Using the data below, output a verbatim copy of the lines between the one holding "Jerry Trainor Signed" and the one holding "KIT C-03 BIC", inclusive, without any pictures.

Source material>
....

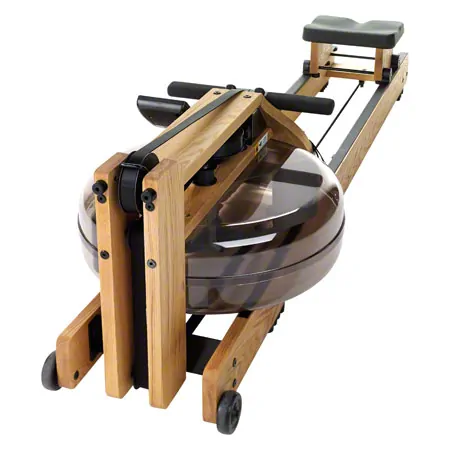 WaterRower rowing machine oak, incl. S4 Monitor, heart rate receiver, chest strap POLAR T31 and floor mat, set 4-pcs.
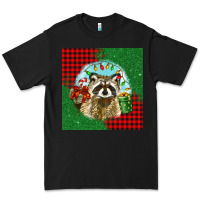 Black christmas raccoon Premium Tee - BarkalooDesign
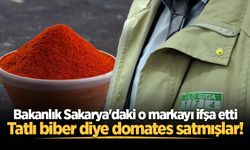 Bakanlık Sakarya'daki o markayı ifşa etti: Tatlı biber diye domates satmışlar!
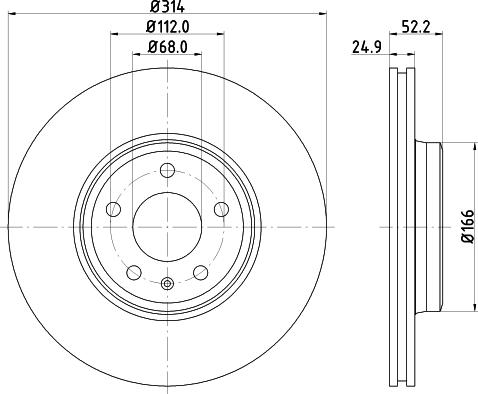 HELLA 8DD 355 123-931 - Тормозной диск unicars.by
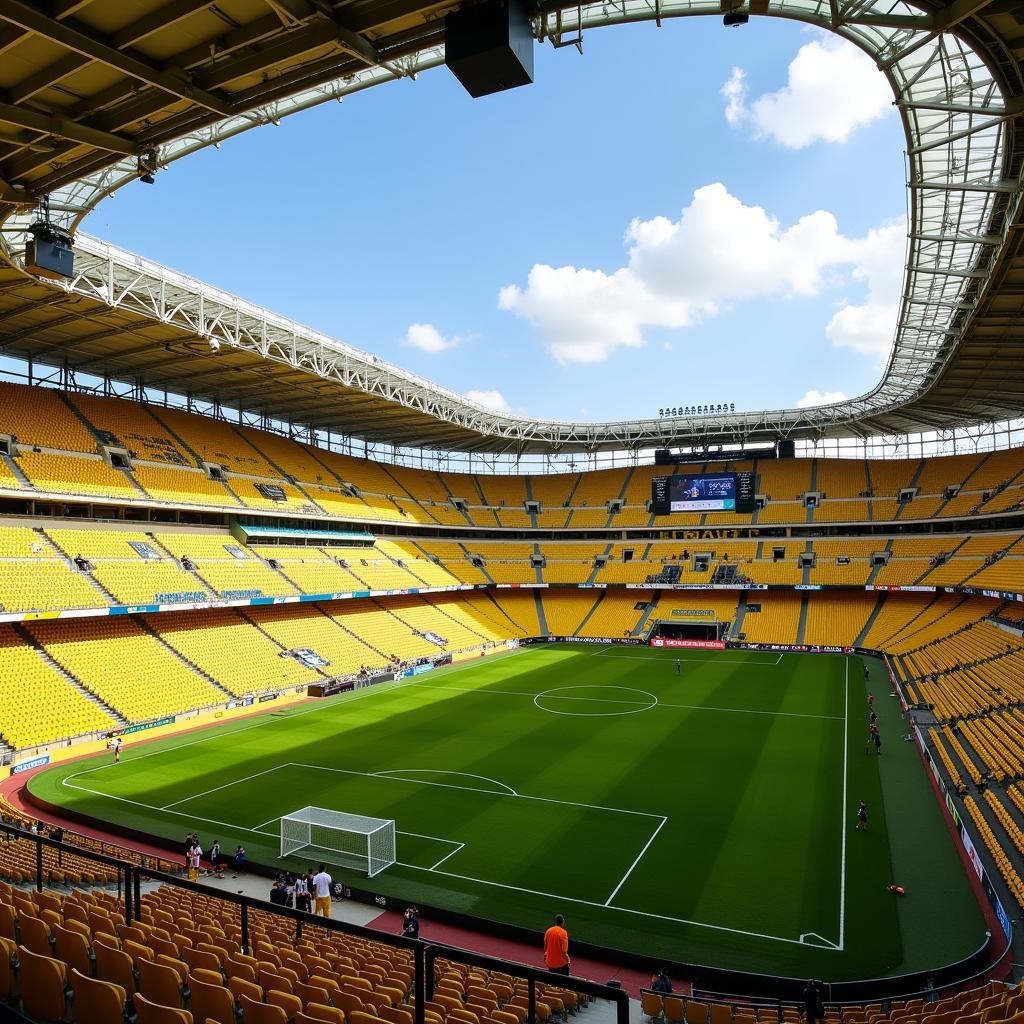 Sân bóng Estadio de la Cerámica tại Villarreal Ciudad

....

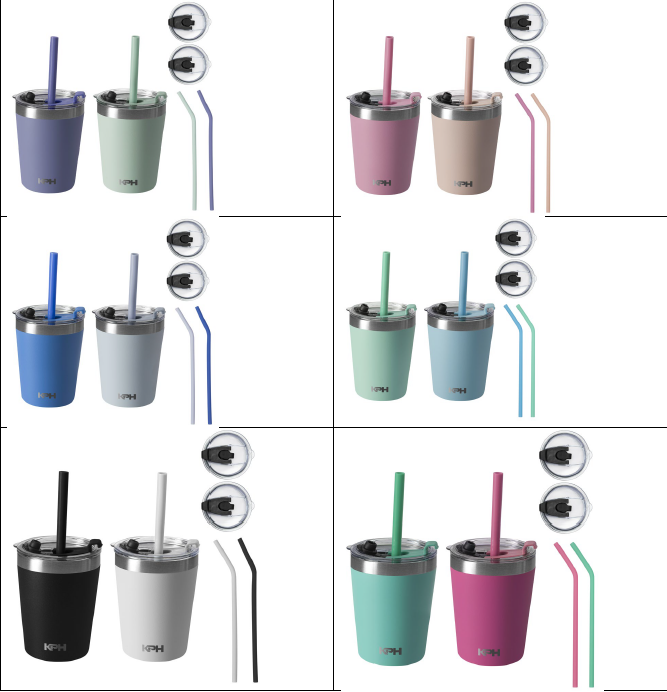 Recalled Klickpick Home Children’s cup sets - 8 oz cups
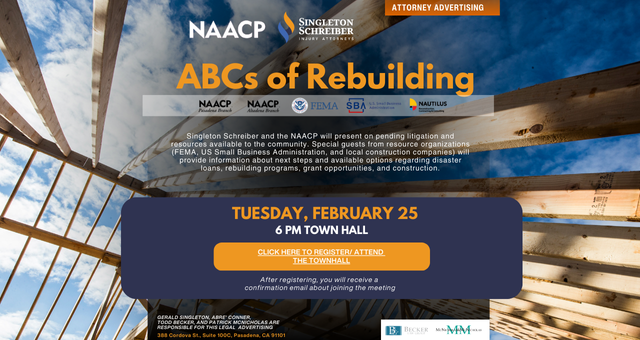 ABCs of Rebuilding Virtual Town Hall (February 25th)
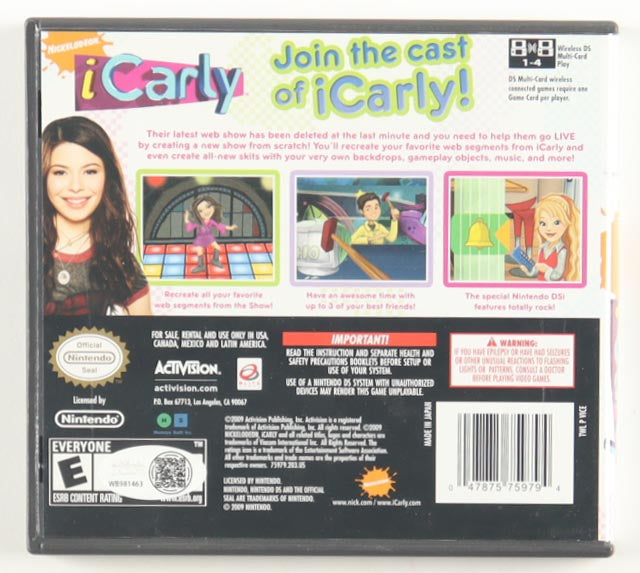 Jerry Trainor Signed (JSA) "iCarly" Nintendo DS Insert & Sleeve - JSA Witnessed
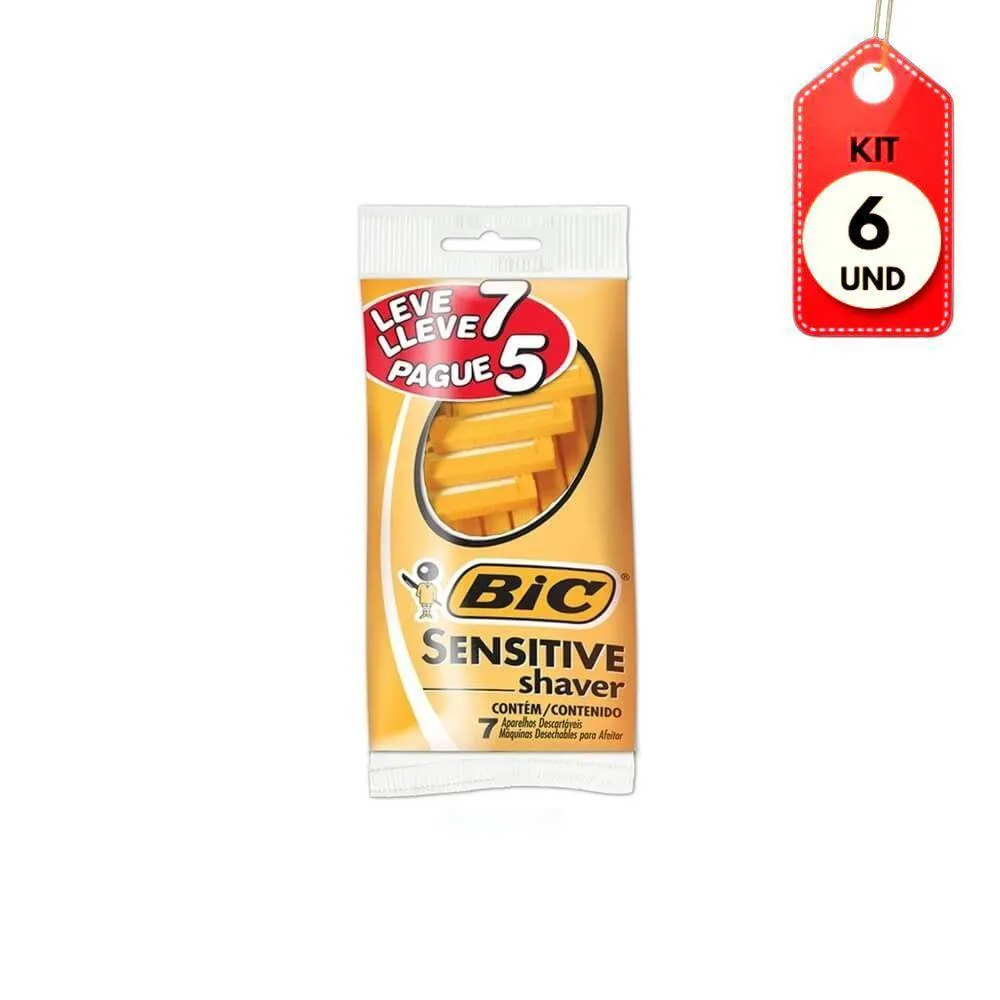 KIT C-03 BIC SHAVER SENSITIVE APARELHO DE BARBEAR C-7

....

Solution for this exercise>
 Jerry Trainor Signed (JSA) "iCarly" Nintendo DS Insert & Sleeve - JSA Witnessed
 KIT C-03 BIC SHAVER SENSITIVE APARELHO DE BARBEAR C-7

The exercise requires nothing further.